JCAD, TF and PAI-1 expression in patients with STEMI. (A) Circulating JCAD levels are increased in STEMI patients as compared with CCS controls. (*B-C*) TF and PAI-1 protein levels are increased across JCAD tertiles. n = 22 patients for CCS and n = 39 patients for STEMI. A-C: Analysis of covariance (ANCOVA). CCS = chronic coronary syndrome; PAI-1 = plasminogen activator inhibitor-1; STEMI = ST-elevation myocardial infarction; TF = tissue factor.

Discussion

This work for the first time demonstrates the deleterious effect of the recently characterized protein JCAD in regulating arterial thrombosis in vivo as well as its potential role as a therapeutic target in atherothrombosis. Data obtained in mice and translated to primary HAECs and blood samples obtained from patients with STEMI corroborate the following conclusions: (i) occluding arterial thrombosis triggered by endothelial-specific injury is delayed in mice lacking JCAD and occurs only after several cycles of thrombus formation and lysis; (ii) JCAD knockout reduced the activation of the coagulation cascade and increased fibrinolysis by acting on TF and PAI-1 without affecting platelet aggregation; (iii) JCAD silencing impairs TNFα-induced TF activity and TF and PAI-1 protein expression in primary HAECs; (iv) the intracellular PI3K/Akt pathway, but not LATS2, mediates the effect of JCAD in this setting as shown by treatment with the PI3K inhibitor wortmannin both in vitro in human cells and in vivo in mice; (v) in patients with STEMI, a clinical condition characterized by acute intracoronary thrombosis, circulating levels of JCAD are increased and they positively correlate with those of TF and PAI-1 (Structured Graphical Abstract).
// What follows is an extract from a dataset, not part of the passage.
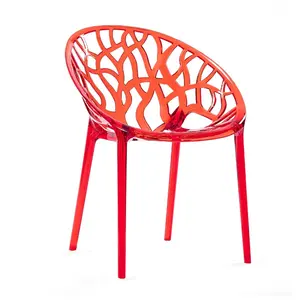 Modern dış mekan mobilyaları restoran kırmızı tasarım plastik sandalye şeffaf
The identification of novel therapeutic targets for the management of atherothrombosis remains of utmost importance in consideration of the high morbidity and mortality of its clinical complications. Here, we hypothesized that JCAD, a recently characterized endothelial junctional protein localizing at cell–cell junctions, may play a role in arterial thrombosis. This hypothesis is based on internal and external data demonstrating that ageing, vascular dysfunction and age-dependent cardiovascular conditions such as CAD are mediated by similar molecular mechanisms signalling through inflammation and free radicals.^21–24 Indeed, JCAD is one of the genes described to be associated with such conditions in GWAS.^4,5 Genetic variants at the JCAD locus were significantly associated with CAD and myocardial infarction. Yet, although previous experimental studies detailed the role of JCAD in favouring vascular dysfunction and atherosclerosis through the regulation of inflammation,^6,8 to date no specific studies investigated whether the association between JCAD and unfavourable cardiovascular outcomes could be driven by a facilitating action on thrombus formation.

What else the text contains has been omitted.